GAAP is short for Generally Accepted Accounting Principles. GAAP is a cluster of accounting standards and common industry usage that have been developed over many years. It is used by organizations to properly organize their financial information into accounting records, summarize the accounting records into financial statements, and disclose certain supporting information.
One of the reasons for using GAAP is so that anyone reading the financial statements of multiple companies has a reasonable basis for comparison, since all companies using GAAP have created their financial statements using the same set of rules.
The Core GAAP Principles
GAAP is set forth in 10 primary principles, as follows:
- Principle of consistency: This principle ensures that consistent standards are followed in financial reporting from period to period.
- Principle of permanent methods: Closely related to the previous principle is that of consistent procedures and practices being applied in accounting and financial reporting to allow comparison.
- Principle of non-compensation: This principle states that all aspects of an organization’s performance, whether positive or negative, are to be reported. In other words, it should not compensate (offset) a debt with an asset.
- Principle of prudence: All reporting of financial data is to be factual, reasonable, and not speculative.
- Principle of regularity: This principle means that all accountants are to consistently abide by the GAAP.
- Principle of sincerity: Accountants should perform and report with basic honesty and accuracy.
- Principle of good faith: Similar to the previous principle, this principle asserts that anyone involved in financial reporting is expected to be acting honestly and in good faith.
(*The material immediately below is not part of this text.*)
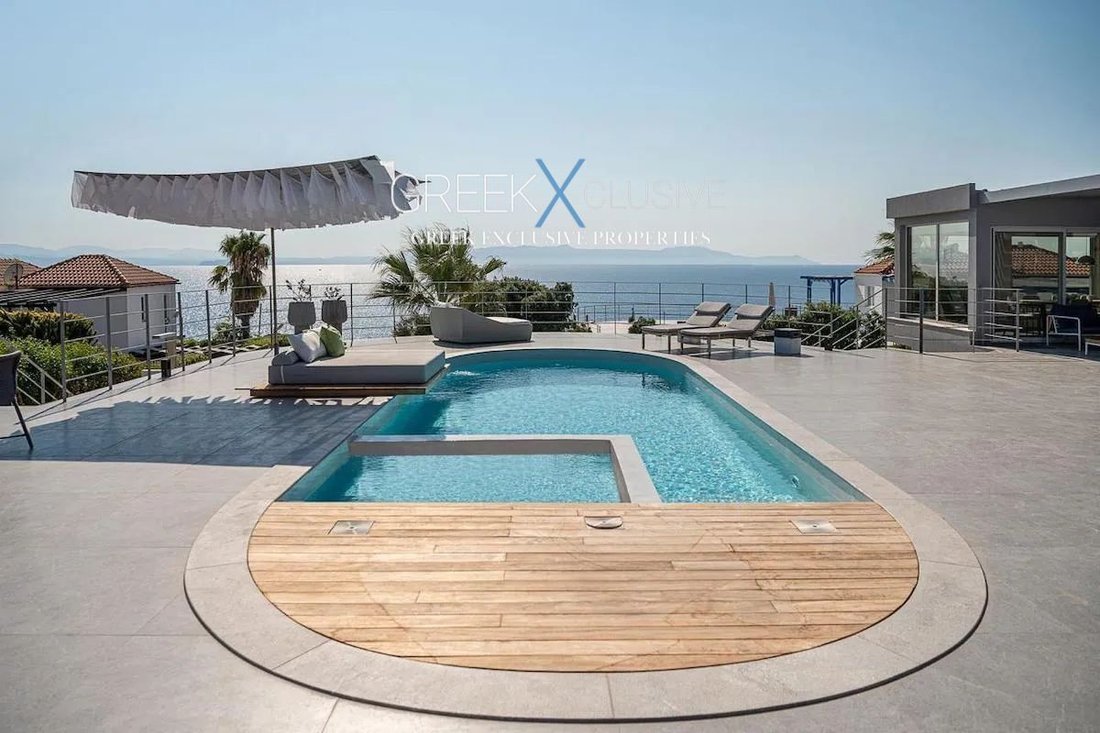 Villa in Milopotamos, Greece 5 - 15413818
- Principle of materiality: All financial reporting should clearly disclose the organization’s genuine financial position.
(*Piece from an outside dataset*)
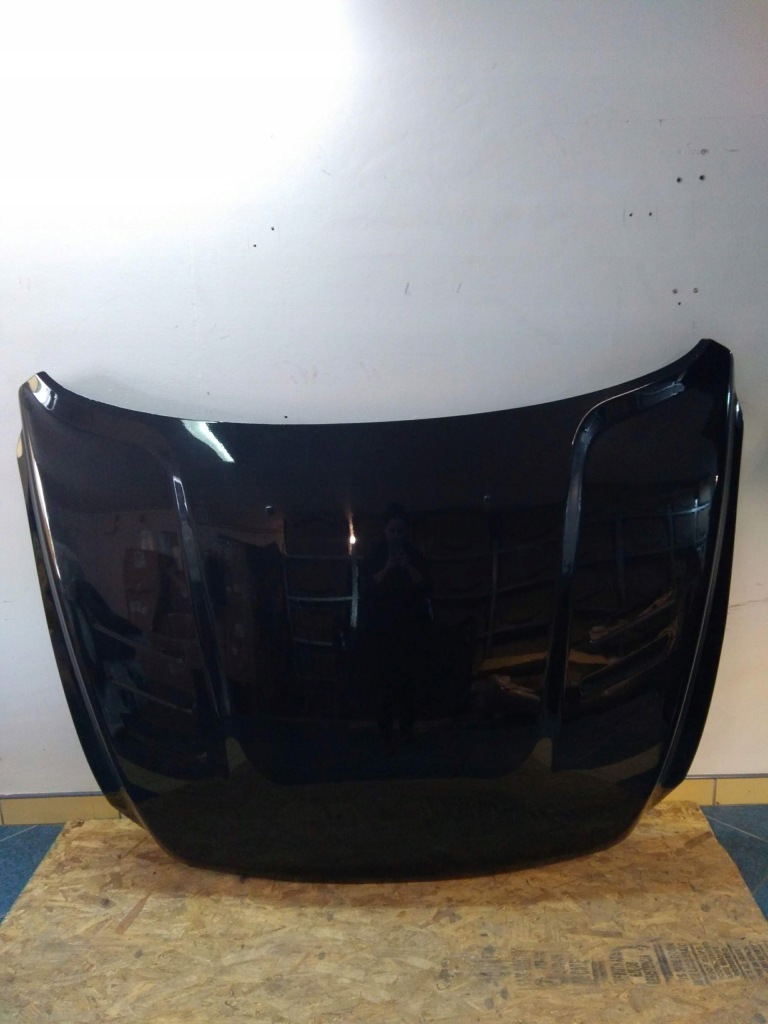 фото №1, Ram 2500 3500 капот крышка двигателя 2010-2018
9 Principle of continuity: This principle states that all asset valuations in financial reporting are based on the assumption that the business or other entity will continue to operate going forward.
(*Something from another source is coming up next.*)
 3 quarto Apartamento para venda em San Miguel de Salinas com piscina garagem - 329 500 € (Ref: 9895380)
- Principle of periodicity: This principle refers to entities abiding by commonly accepted financial reporting periods, such as quarterly or annually.
Why Is GAAP Important?
GAAP is important because it helps maintain trust in the financial markets. If not for GAAP, investors would be more reluctant to trust the information presented to them by companies because they would have less confidence in its integrity. Without that trust, we might see fewer transactions, potentially leading to higher transaction costs and a less robust economy. GAAP also helps investors analyze companies by making it easier to perform “apples to apples” comparisons between one company and another.